Captioned web images

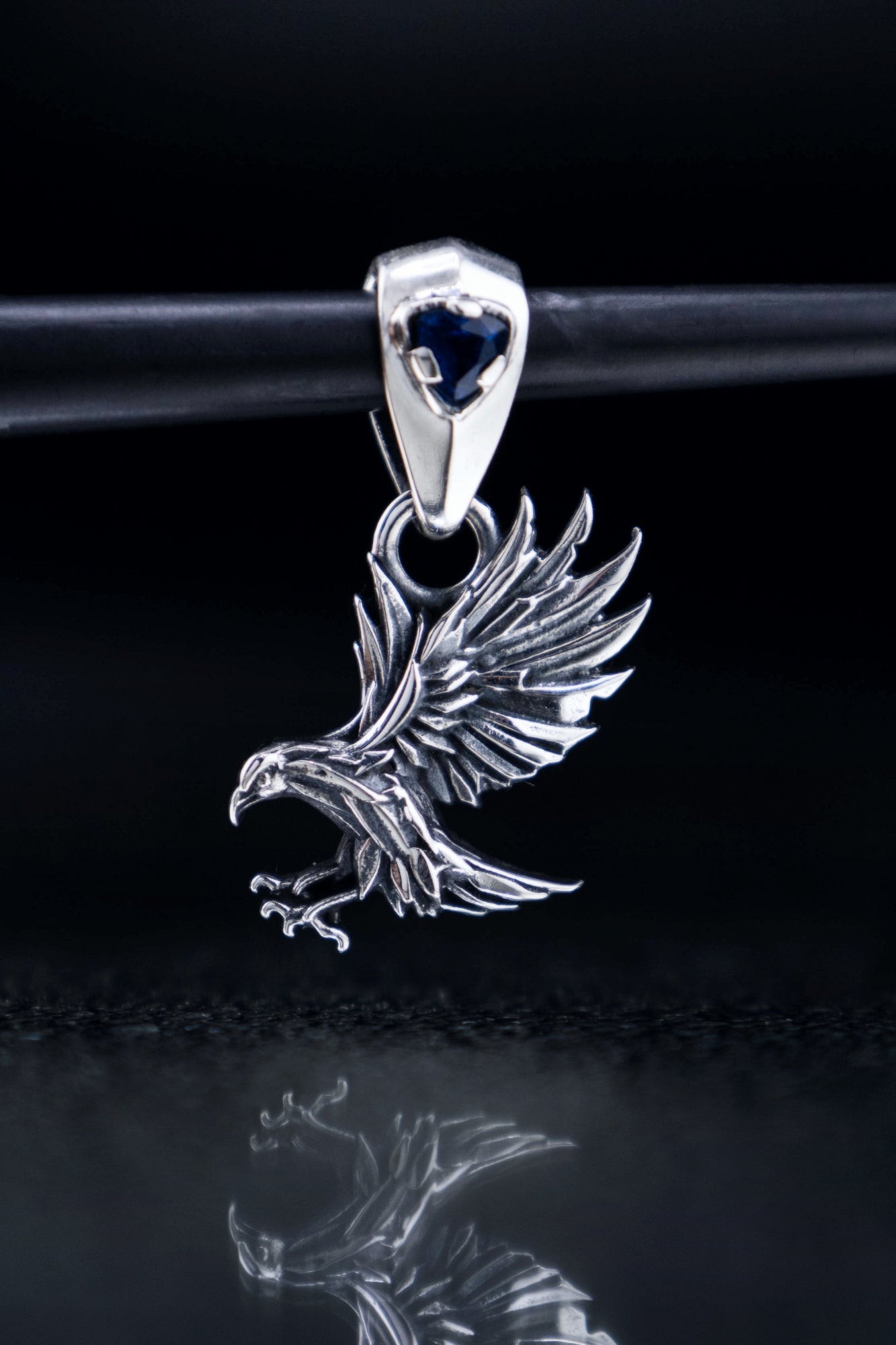 Handcrafted sterling silver raven pendant reflecting on black glass, gothic crow jewelry with blue gemstone, mystical bird artifact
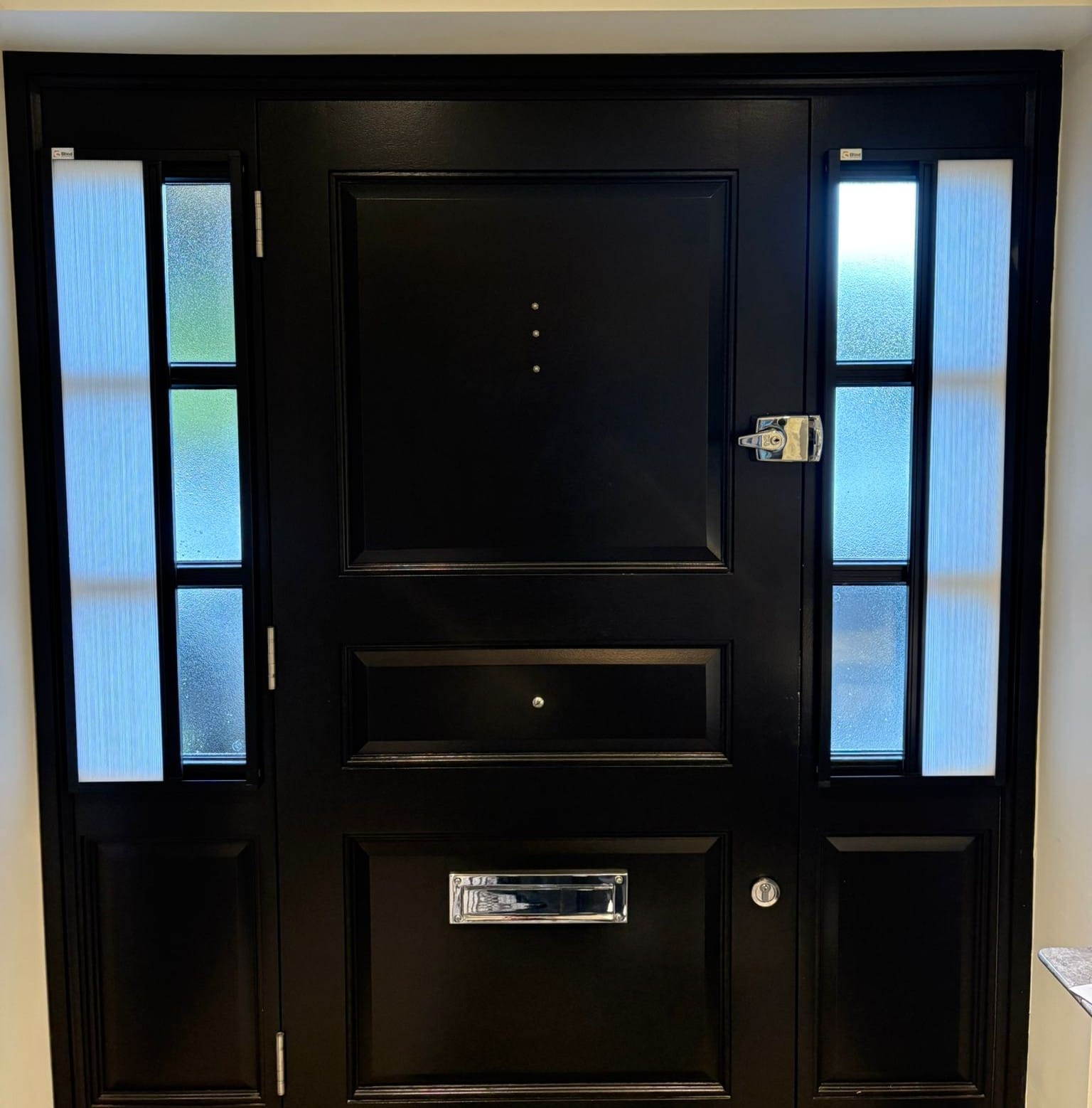 Blind Screen Blinds for Front Doors and Sidelights Blind Screen blackout blinds fitted to front door sidelights by John’s Blinds & Curtains, providing privacy, insulation and energy efficiency.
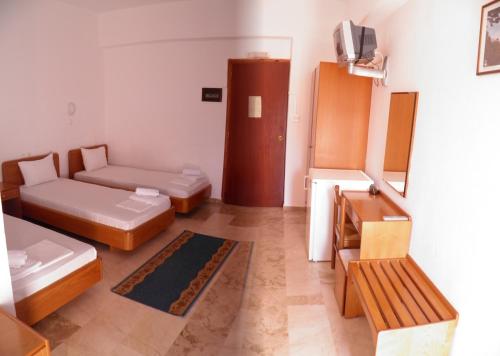 a living room with two beds and a couch at Samaria in Agia Roumeli
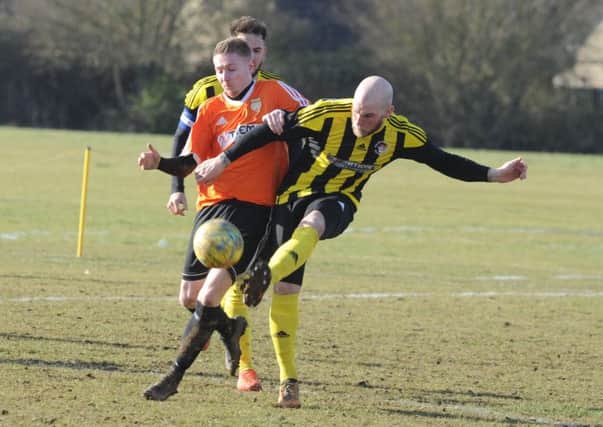 Action from Thorney (orange) v Holbeach United Reserves in the semi-final of the President's Shield. Photo: David Lowndes.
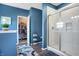Chic bathroom featuring a glass-enclosed shower, blue walls, and a walk-in closet at 1684 Beach St, Greenwood, IN 46143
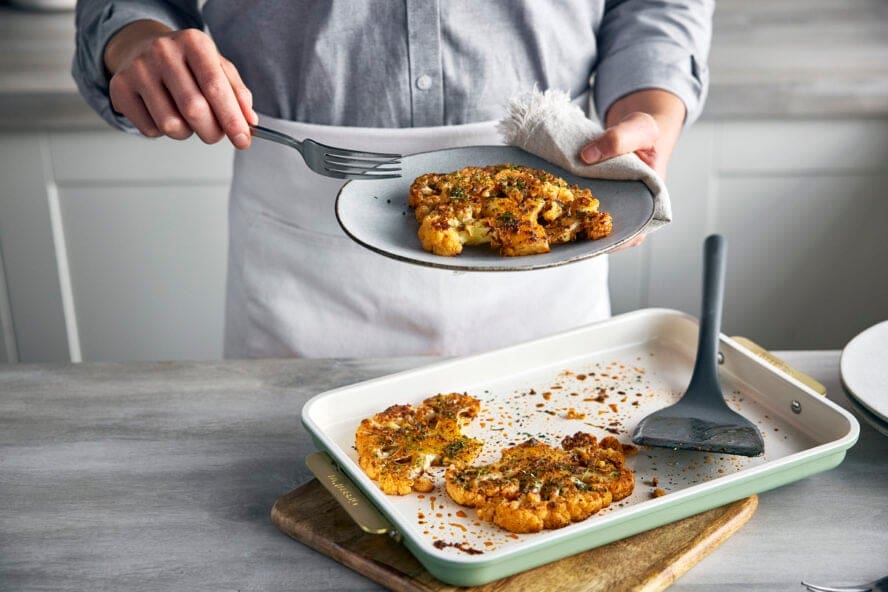 Image of a GreenPan Reserve baking sheet with a giant roasted cauliflower and someone serving it onto a plate.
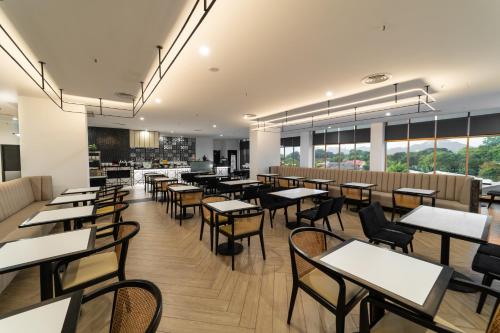 a dining room with tables and chairs and windows at Travelodge Ipoh in Ipoh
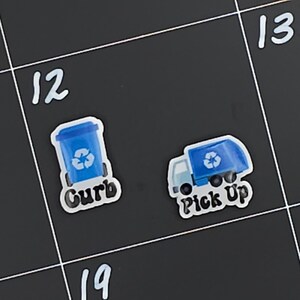 May include: Two blue recycling stickers on a black background. The left sticker shows a blue recycling bin with a recycle symbol and the word "Curb". The right sticker shows a blue recycling truck with a recycle symbol and the words "Pick Up".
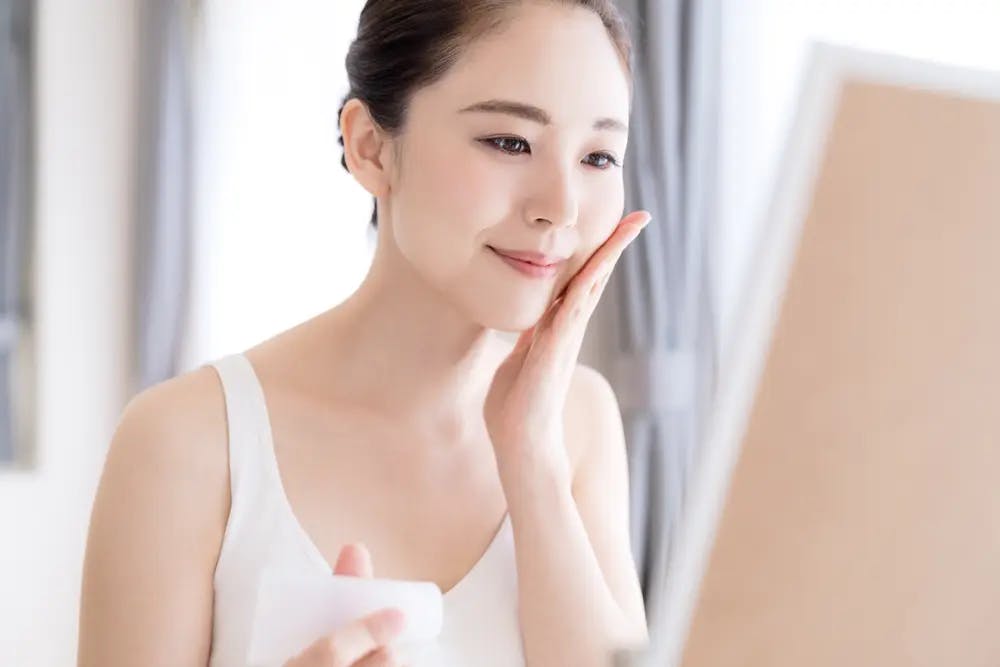 Cover Image for An asian woman with clear skin looking at her mirror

Your assignment
From the entries above, write out every line without a single change, skipping the images.

Answer below
 Handcrafted sterling silver raven pendant reflecting on black glass, gothic crow jewelry with blue gemstone, mystical bird artifact
 Blind Screen Blinds for Front Doors and Sidelights Blind Screen blackout blinds fitted to front door sidelights by John’s Blinds & Curtains, providing privacy, insulation and energy efficiency.
 a living room with two beds and a couch at Samaria in Agia Roumeli
 Action from Thorney (orange) v Holbeach United Reserves in the semi-final of the President's Shield. Photo: David Lowndes.
Chic bathroom featuring a glass-enclosed shower, blue walls, and a walk-in closet at 1684 Beach St, Greenwood, IN 46143
 Image of a GreenPan Reserve baking sheet with a giant roasted cauliflower and someone serving it onto a plate.
 a dining room with tables and chairs and windows at Travelodge Ipoh in Ipoh
 May include: Two blue recycling stickers on a black background. The left sticker shows a blue recycling bin with a recycle symbol and the word "Curb". The right sticker shows a blue recycling truck with a recycle symbol and the words "Pick Up".
 Cover Image for An asian woman with clear skin looking at her mirror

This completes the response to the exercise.